Thank you again for the fast and detailed explanations, I now understand what these parameters mean and how to adjust them for different goals!


I had one further follow up question regarding the high recall taxonomies. After comparing my original taxonomy file (k mer length 7, confidence 0.7) to the taxonomy file created using my high recall classifier (k mer length 1, confidence 0.5) I noticed that some ASVs were assigned deeper taxonomies in the high recall taxonomy file but others had deeper taxonomies in the original taxonomy file ( typically a difference of one level). If my goal is to explore bacteria populations from systems which may have many unknowns in it is it alright to use the use the deepest taxonomy identified for each ASV (essentially have a mixed taxonomy file) and just note that the taxonomies used are from different methods? If so is there any way to merge the two taxonomy files keeping the deeper taxonomy?

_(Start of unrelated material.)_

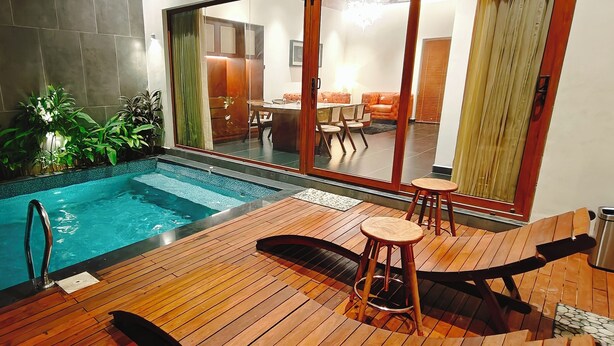 A swimming pool with a wooden deck, a bar area, and a dining area visible through a glass door. - HF Pool Resorto (Chennai)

I would discourage merging the deepest taxonomies, if only because it gets very messy from a record-keeping and reporting standpoint.

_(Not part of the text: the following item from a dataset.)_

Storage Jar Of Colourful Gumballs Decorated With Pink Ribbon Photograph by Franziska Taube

If you are studying environment with many unknowns, wouldn’t it be better to know that they are unknowns?

The “high-recall” classifiers were chosen as those that maximized recall, but still had high precision. This generally is linked to deeper taxonomic classifications, but will not necessarily behave the same for all ASVs, so it makes sense that you see deeper classification for some but shallower for others.

I am not encouraging this, since precision will suffer and you may get misleading results, but the best way to deepen taxonomy classifications is to further reduce the confidence parameter. And if you really just want to “closest match”, you can use classify-consensus-blast with maxaccepts set to 1.

I hope that helps!

Thank you for the help. I wanted to use the high recall classifier instead of setting max accepts to 1 to keep some precision, I was just hoping for deeper classifications for some ASV that only when to the phylum for example. I guess I will compare the taxonomies across files and use the file that overall has deeper classifications ( which I would assume is the high recall).

All the help is much appreciated

oh phylum is not too good — usually we should see deeper classification unless if the sequences are really short! Do you want to share some examples? A barplots QZV? We can make sure there isn’t another issue. You may also want to NCBI blast those individual sequences to see what the top genbank hit is… these could be non-target DNA, hence the poor classification.

I would also expect high recall to have deeper classifications, but not necessarily by much. It makes sense to check out both and see which fits your experimental goals.

This topic was automatically closed 31 days after the last reply. New replies are no longer allowed.